Elizabeth was born at Tannadice on 11/2/04, the daughter of a ploughman on Findowry estate. Her father John was widowed in 1808 and his children had from early on to become self-reliant. The fifth of six daughters and two sons, Elizabeth went into service aged seven then returned home. At this time she attended the village school, briefly, learning to read; it’s said she ‘did one quarter in the white seam’ – presumably some schooling in plain sewing – then aged nine went into service again.

Her talent for nature poetry developed through time spent reading in the laird’s library. She held various posts including one with an Indian potentate, and with a family who took her to St Malo, France, for two years.

In 1832 she married William, a flax dresser, and had eight children of whom two sons died in infancy and another two as young men. She lived in Brechin, then in Arbroath where her husband died in 1873. At this time she arranged a private printing of her poetry, and sold it to raise money to support the family. She and two daughters then moved to Lochee.

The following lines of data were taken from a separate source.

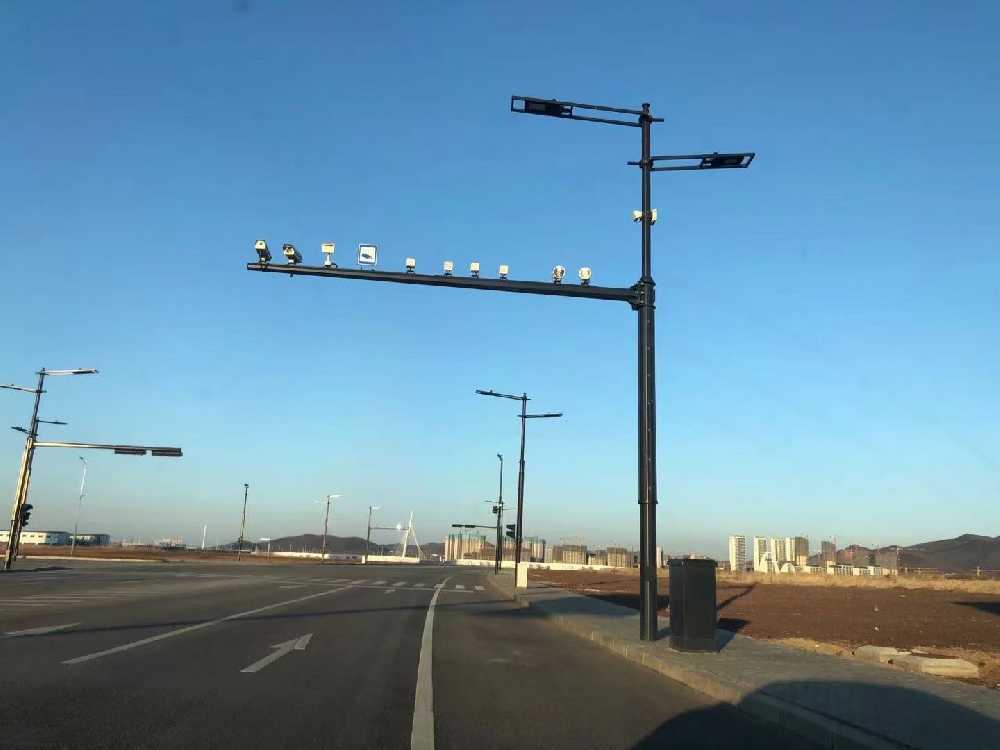 葫芦岛市黑龙江佳木斯综合路灯杆项目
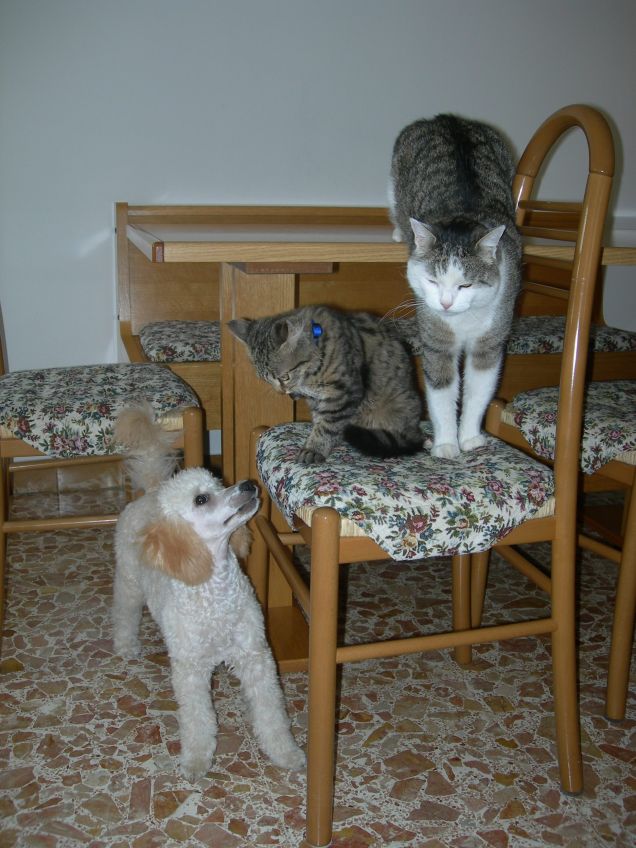 I tre moschettieri 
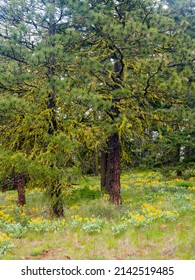 Wildflowers At The Base Of A Ponderosa Pine Tree.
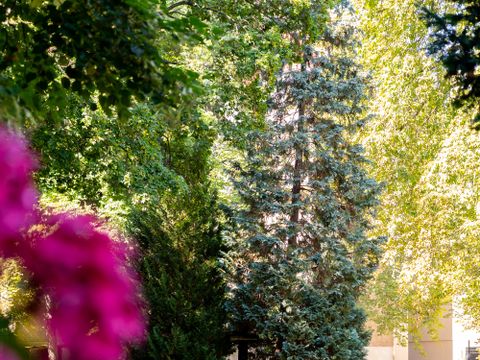 Friedhof mit Gräbern und Bäumen
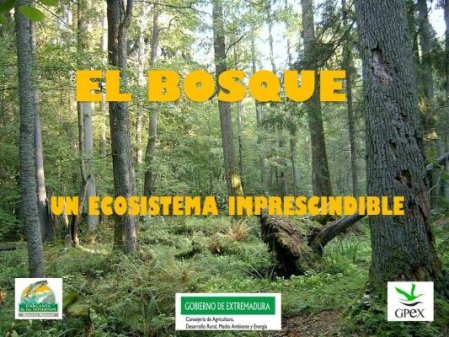El Bosque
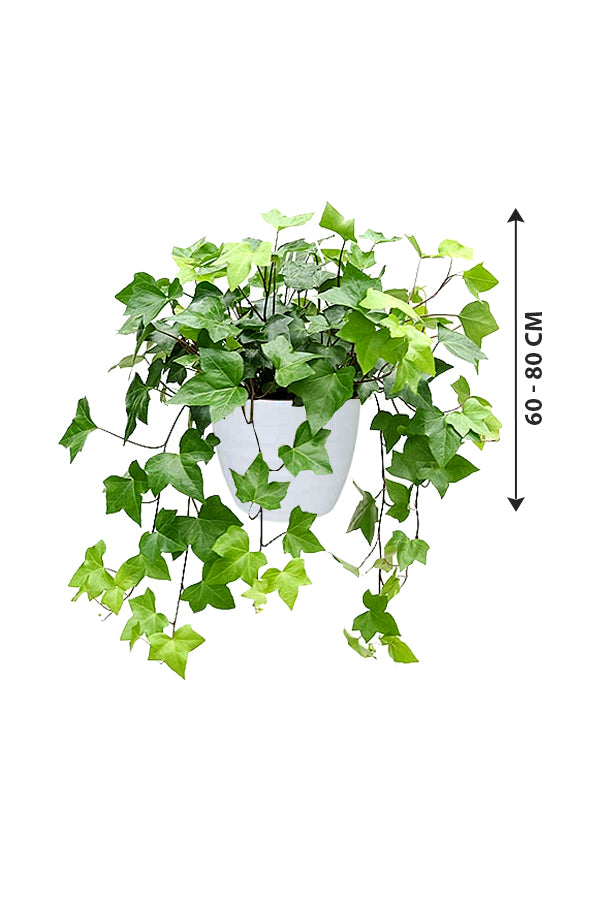 Hedera Helix Variegated - English Ivy - Plantsworld.ae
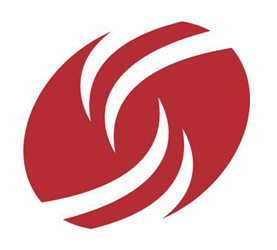 Dress for Success logo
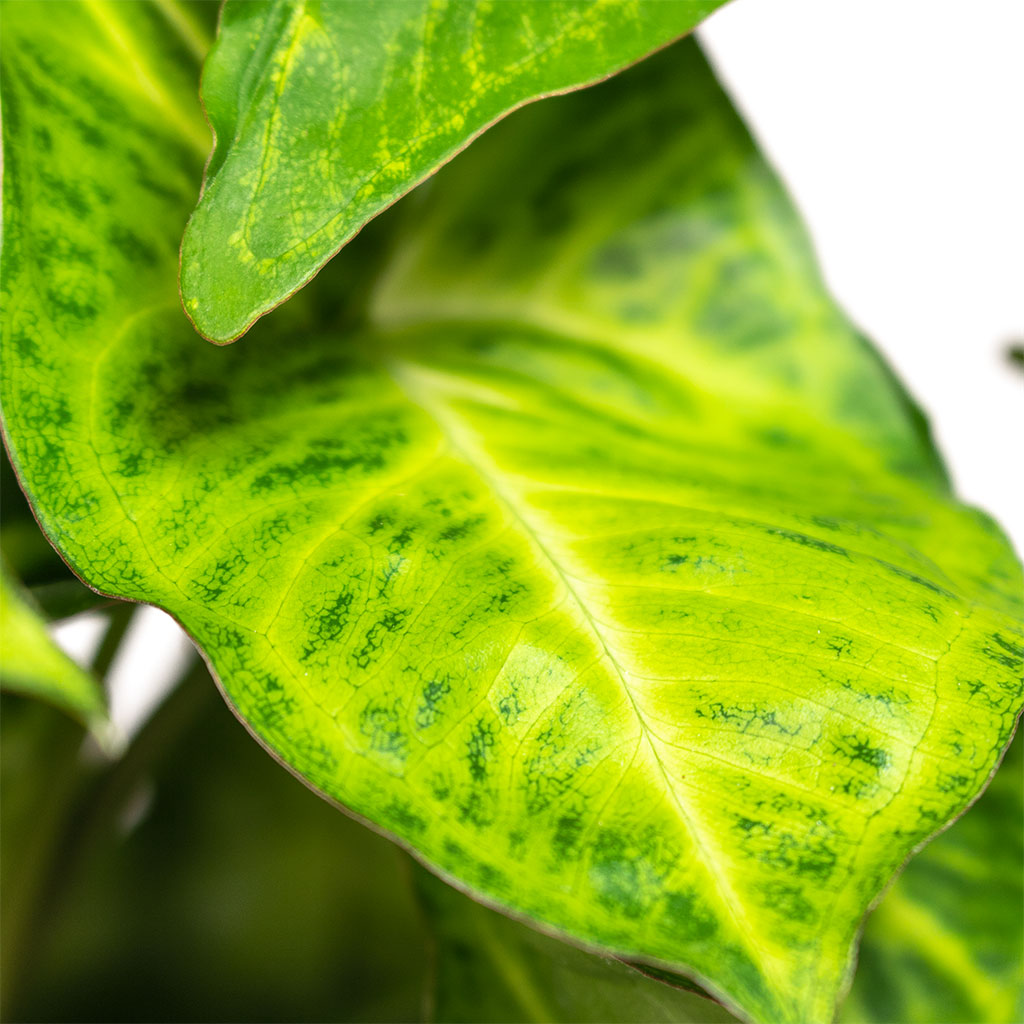 Hedera helix White Wonder - English Ivy - Hanging Plants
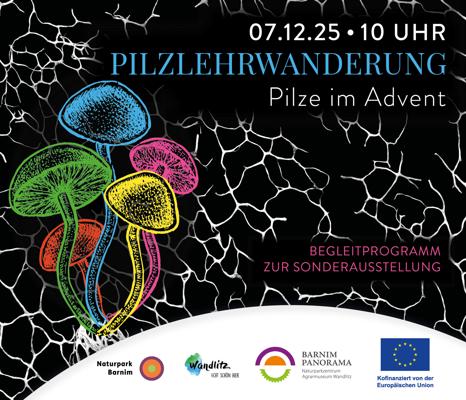 Rock me Jo  – Außenstelle –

The Reverend Gilfillan ‘discovered ‘ her through the intervention of local poet and customs official Peter Whytock; Gilfillan greatly admired her piety and tenacity, and encouraged her to publish her autobiography and poems in 1875. Her poems are based on her knowledge of nature, and of the griefs and hardships endured by the poor; for her town readers, she brought nature poetry into their lives. There were several reprints. Three years later she died in Lochee.